Task goal: Don't include any picture when you restate the data word for word.

--- Raw data ---

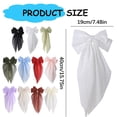 thumbnail image 3 of 2 Pack White Curtain Tiebacks, Romantic Bow Curtain Ties with Clips, Decorative Sheer Curtain Holdbacks, Boho Curtain Tie Backs for Bedroom Nursery Living Room Home Decor (White), 3 of 5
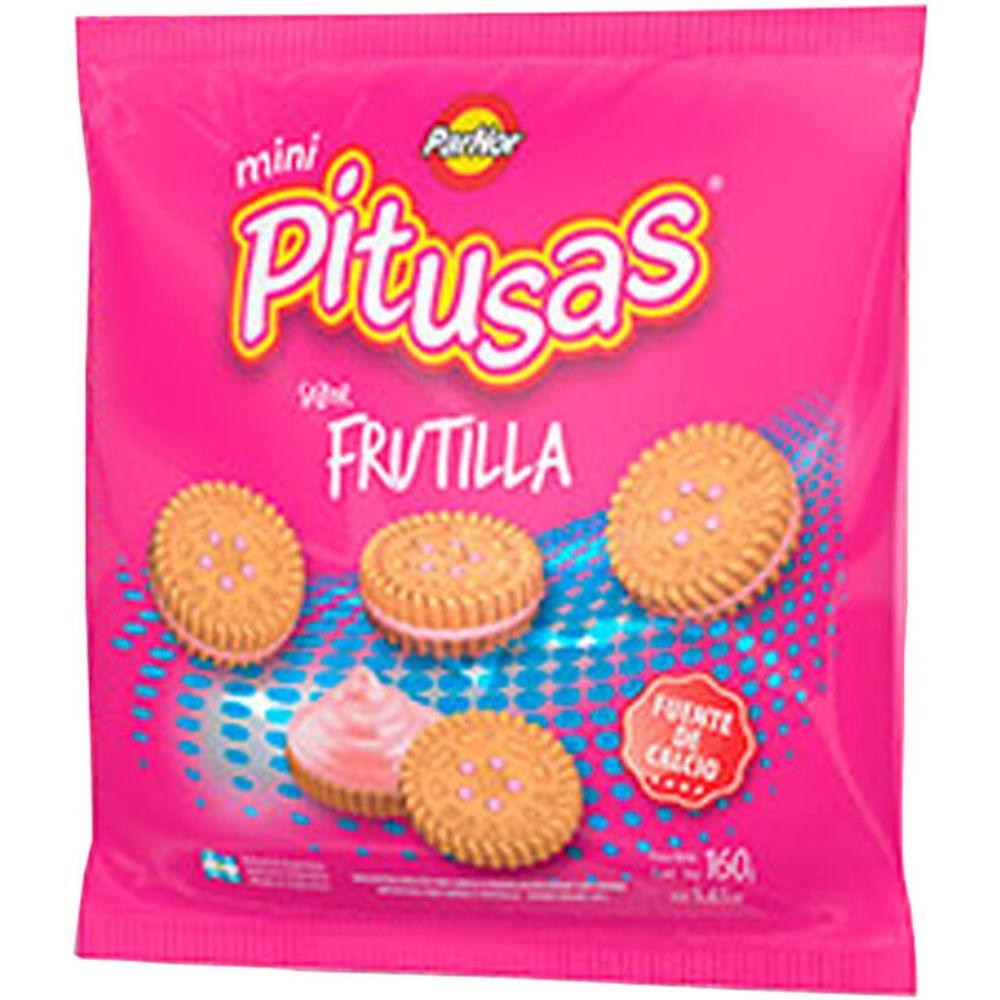 GALLETITAS PITUSAS RELL FRUTILLA x 160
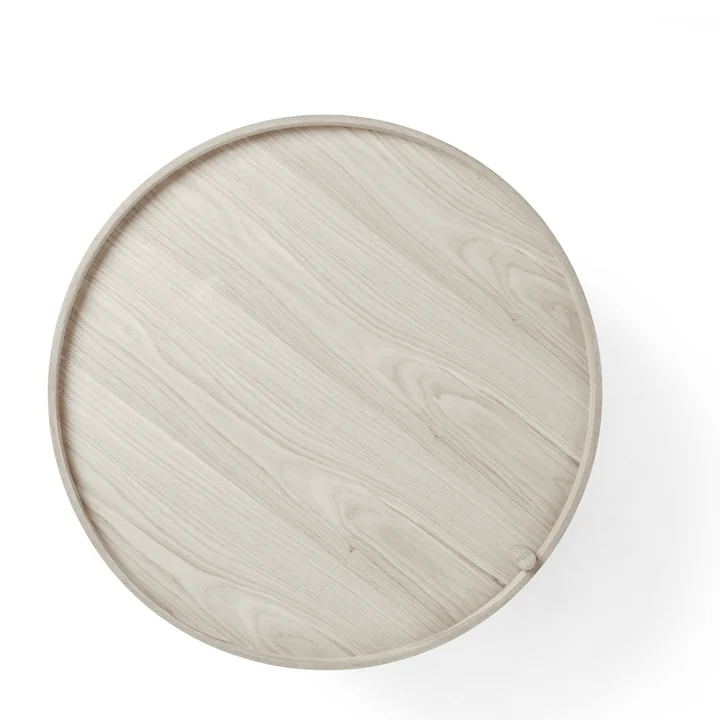 Audo - Turning Table, Eiche weiss / schwarze Chromstreben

---

Solution below:
 thumbnail image 3 of 2 Pack White Curtain Tiebacks, Romantic Bow Curtain Ties with Clips, Decorative Sheer Curtain Holdbacks, Boho Curtain Tie Backs for Bedroom Nursery Living Room Home Decor (White), 3 of 5
 GALLETITAS PITUSAS RELL FRUTILLA x 160
 Audo - Turning Table, Eiche weiss / schwarze Chromstreben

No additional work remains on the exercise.